Verklaring van tekens

Tabeltoelichting


Verslagperiode: 2001 - 2004
Frequentie: gestopt.

In 2005 is een revisie uitgevoerd op de nationale en de regionale
rekeningen over verslagjaar 2001.
Voor regionale rekeningen cijfers is nog geen consistente tijdreeks vóór
2001 beschikbaar.

Regionale rekeningen geven een op de nationale rekeningen aansluitende
kwantitatieve beschrijving van het economisch proces van regio's binnen een
land. Als onderdelen van het economisch proces worden in de nationale
rekeningen productie, inkomensverdeling, bestedingen en financiering
onderscheiden.
Bij de regionale rekeningen ligt de nadruk echter op de beschrijving van de
productieprocessen in de verscheidene regio's.

Infoservice: href="http://www.cbs.nl/infoservice">http://www.cbs.nl/infoservice

Copyright (c) Centraal Bureau voor de Statistiek, Voorburg/Heerlen 2006

Bronvermelding is verplicht, verveelvoudiging voor eigen gebruik of intern
gebruik is toegestaan.

Toelichting onderwerpen

BBP
De toegevoegde waarde tegen marktprijzen voor de totale economie, Bruto
Binnenlands Product (BBP) wordt als volgt berekend:
bij bedrijfsklassen gevormde toegevoegde waarde tegen basisprijzen
plus: saldo van productgebonden belastingen en productgebonden subsidies
plus: verschil toegerekende en afgedragen BTW. De BTW en de belastingen
en subsidies op invoer worden niet toegerekend aan bedrijfsklassen.
Vandaar dat het BBP tegen marktprijzen niet restloos kan worden
uitgesplitst naar bedrijfsklassen.
Deze transacties worden, overeenkomstig de internationale richtlijnen,
aan regio's toegerekend op basis van de totale toegevoegde waarde per
regio.
Afhankelijk van de behandeling van de afschrijvingen is de toegevoegde
waarde bruto (inclusief afschrijvingen) of netto (exclusief
afschrijvingen). In deze publicatie wordt de toegevoegde waarde
uitsluitend inclusief de afschrijvingen gepresenteerd.
BBP per hoofd
Bruto Binnenlands Product (BBP), de toegevoegde waarde tegen marktprijzen
voor de totale economie, per hoofd van de bevolking.
Aansluiting BBP (basisprijzen)
Bruto Binnenlands Product (BBP); Aansluiting BBP (marktprijzen) op
BBP (basisprijzen).
Totaal toegevoegde waarde (basisprijzen)
De toegevoegde waarde tegen basisprijzen totaal bedrijven is gelijk aan
het verschil tussen de productie (basisprijzen) en het intermediair
verbruik (aankoopprijzen).
Beloning werknemers
De beloning van werknemers heeft betrekking op de beloning voor geleverde
arbeid.

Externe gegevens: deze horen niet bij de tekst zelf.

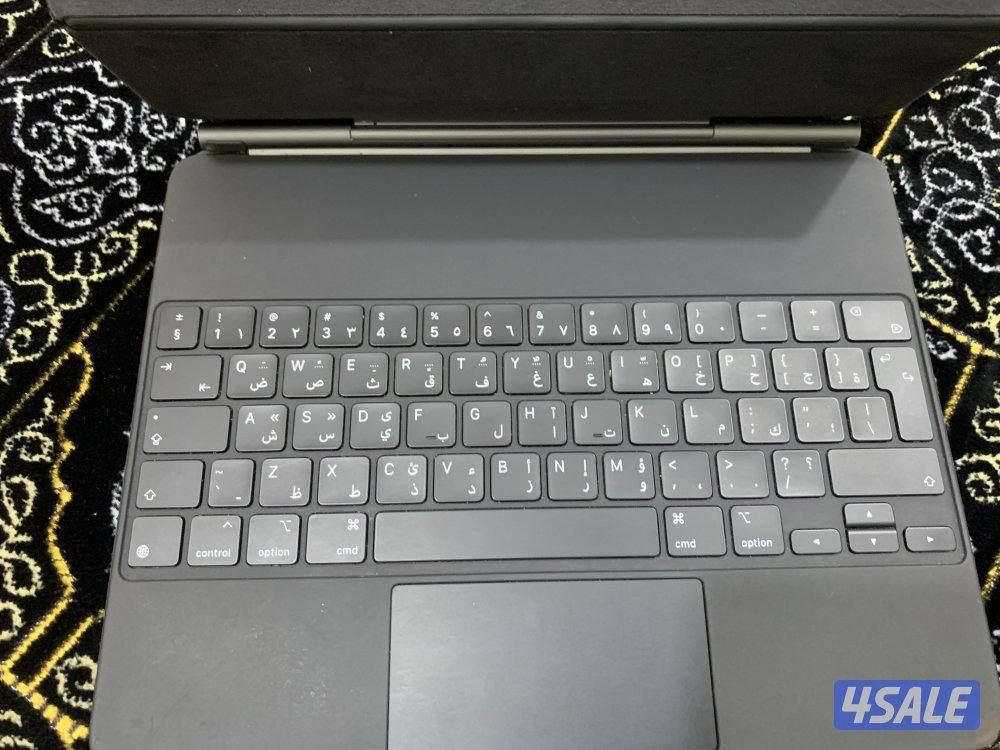 كيبورد ابل ماجيك الاصلي 12.9 انش نظيف وشغال تمام ما فيه شي خراب8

Als werknemer zijn aangemerkt alle ingezeten en niet-ingezeten
personen die in dienstbetrekking werkzaam zijn. Ook directeuren van NV's
en BV's behoren tot de werknemers, dus hun salarissen zijn ook in de
beloning van werknemers begrepen. Hetzelfde geldt voor medewerkers van
sociale werkplaatsen.
De beloning van werknemers heeft twee componenten: lonen enerzijds en
sociale premies t.l.v. werkgevers anderzijds.
De lonen zijn inclusief de door de werkgever ingehouden loonbelasting en
de sociale premies die ten laste komen van de werknemers. Verder omvatten
de lonen naast het periodieke, direct aan werknemers betaalde loon ook
aanvullingen hierop (zoals gratificaties, overwerkvergoeding, fooien en
provisie), het loon in natura (zoals vrij wonen, vrije voeding, 'auto van
de zaak', korting op kinderopvang, rentevoordeel, voordelig reizen) en
het vakantiegeld.
Ook bepaalde vergoedingen voor kosten die door werknemers zijn gemaakt in
verband met de dienstbetrekking, zoals vergoeding voor de kosten van het
woon-werkverkeer, zijn tot de lonen gerekend.
De sociale premies t.l.v. werkgevers hebben betrekking op de werkgevers-
bijdragen in het kader van de sociale zekerheid. Zij omvatten premies
wettelijke sociale verzekering, particuliere sociale premies (waaronder
pensioenpremies) en toegerekende sociale premies.
De sociale premies t.l.v. werkgevers worden meestal rechtstreeks door de
werkgevers afgedragen aan de verzekeraars. Om tot het juiste loonkosten-
begrip te komen worden ze echter in de nationale rekeningen per conventie
geboekt als twee transacties: a) een betaling van de werkgevers aan hun
werknemers en b) een afdracht van de werknemers aan de verzekeraars.
Niet-productgebonden belastingen
Deze belastingen omvatten alle belastingen op productie die producenten
moeten betalen, ongeacht de hoeveelheid of de waarde van de geproduceerde
of verkochte producten. Voorbeelden hiervan zijn de onroerende
zaakbelasting, reinigingsrechten en rioolrechten betaald door producenten.
Niet-productgebonden subsidies
Hieronder vallen de overige subsidies op productie. Deze subsidies zijn
niet direct relateerbaar aan de waarde of de hoeveelheid geproduceerde
en verkochte producten. Het betreft vooral de loonsubsidies.
Bruto exploitatieoverschot
Het bruto exploitatieoverschot per bedrijfsklasse is het saldo dat
resteert nadat de toegevoegde waarde tegen basisprijzen is verminderd
met de beloning van werknemers en het saldo van niet-productgebonden
belastingen op productie en niet productgebonden subsidies op productie.
Bij zelfstandigen wordt dit saldo gemengd inkomen genoemd omdat het ook
de beloning voor de door hun geleverde arbeid bevat.
Op het niveau van de totale economie wordt het exploitatieoverschot
bepaald door het totaal van de bedrijfsklassen te vermeerderen met het
verschil toegerekende en afgedragen BTW.
Correctie exploitatieoverschot
Dit is het verschil tussen de toegerekende en de afgedragen BTW.
Totaal bruto exploitatieoverschot
Bruto exploitatieoverschot bedrijfstakken plus de Correctie
exploitatieoverschot.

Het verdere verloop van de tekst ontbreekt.